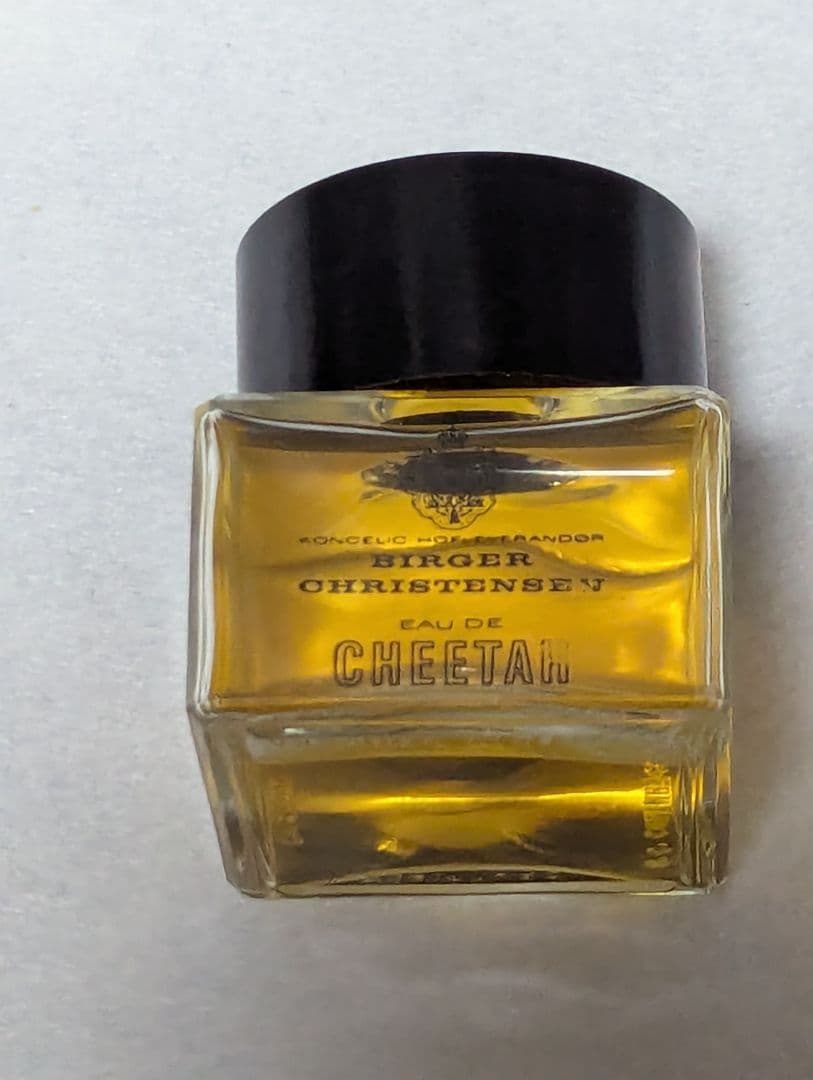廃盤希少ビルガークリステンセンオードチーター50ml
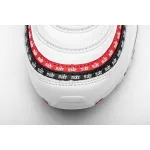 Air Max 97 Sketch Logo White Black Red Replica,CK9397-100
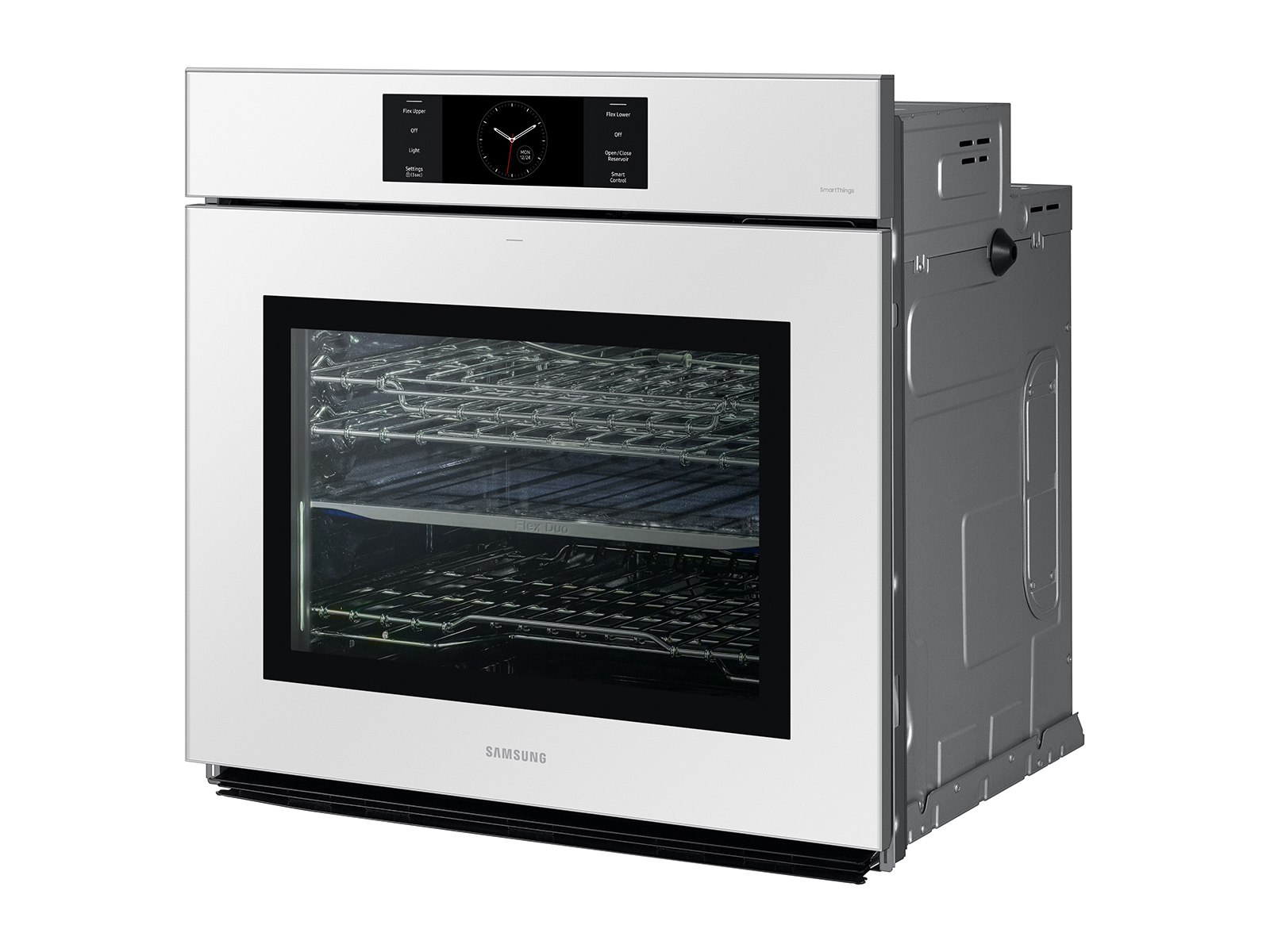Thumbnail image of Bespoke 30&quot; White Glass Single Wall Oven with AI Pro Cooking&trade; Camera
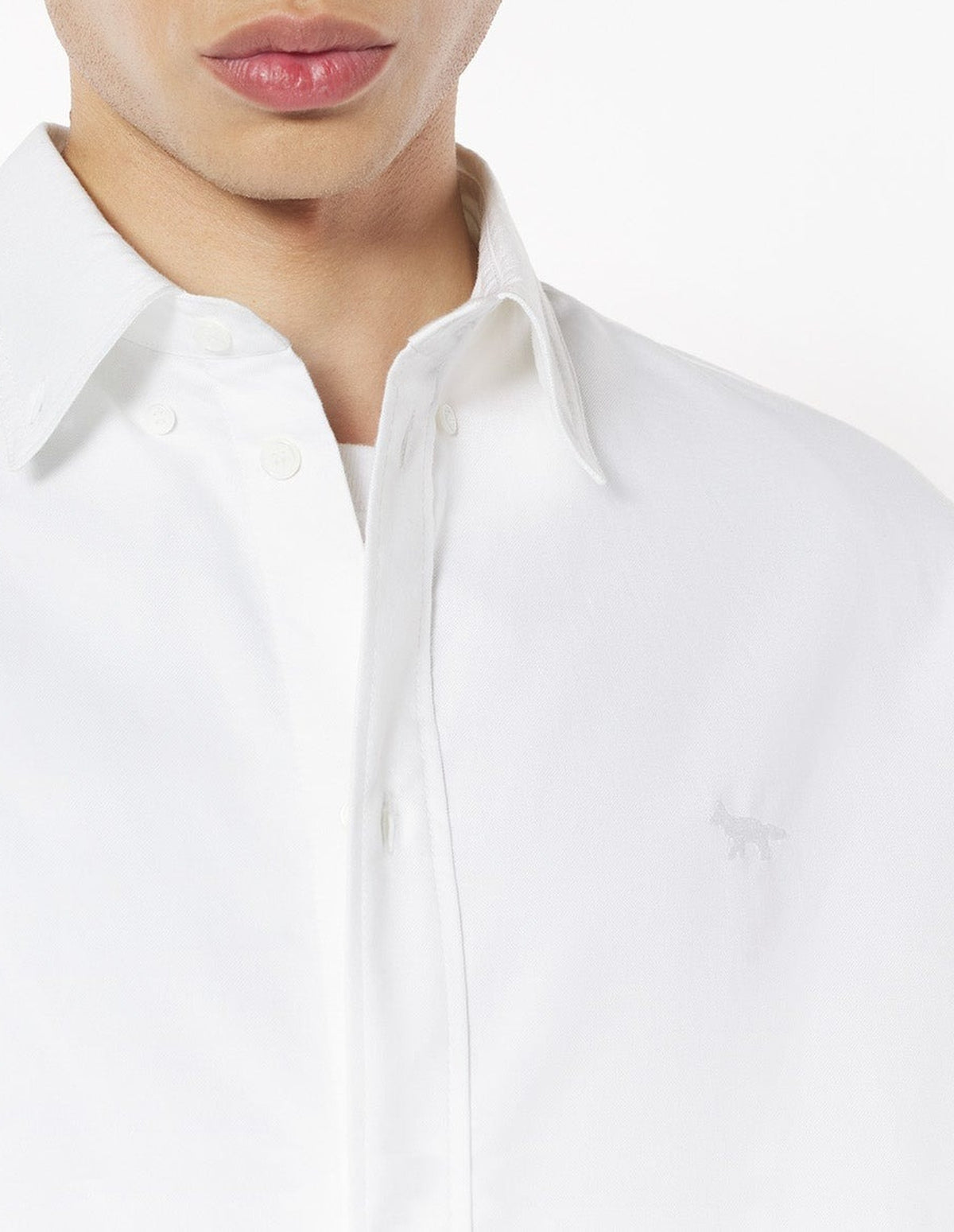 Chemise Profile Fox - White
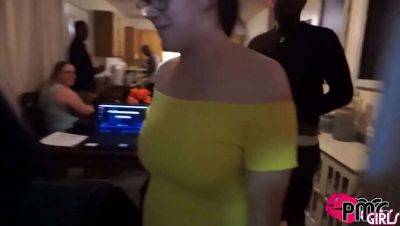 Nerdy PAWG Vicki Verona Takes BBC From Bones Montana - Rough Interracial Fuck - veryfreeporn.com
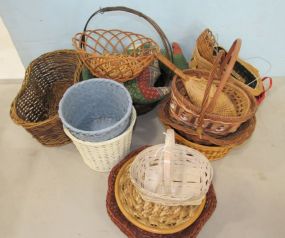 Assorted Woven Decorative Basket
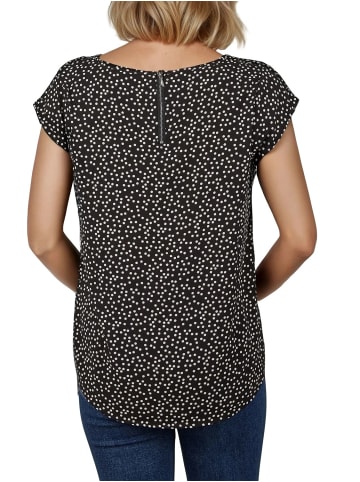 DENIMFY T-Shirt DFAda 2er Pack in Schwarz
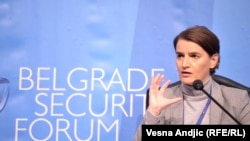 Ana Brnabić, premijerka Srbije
——
| Problem requirements |
Please output the material above unchanged, apart from removing the pictures.

| Your solution |
廃盤希少ビルガークリステンセンオードチーター50ml
 Air Max 97 Sketch Logo White Black Red Replica,CK9397-100
Thumbnail image of Bespoke 30&quot; White Glass Single Wall Oven with AI Pro Cooking&trade; Camera
 Chemise Profile Fox - White
 Nerdy PAWG Vicki Verona Takes BBC From Bones Montana - Rough Interracial Fuck - veryfreeporn.com
 Assorted Woven Decorative Basket
 DENIMFY T-Shirt DFAda 2er Pack in Schwarz
 Ana Brnabić, premijerka Srbije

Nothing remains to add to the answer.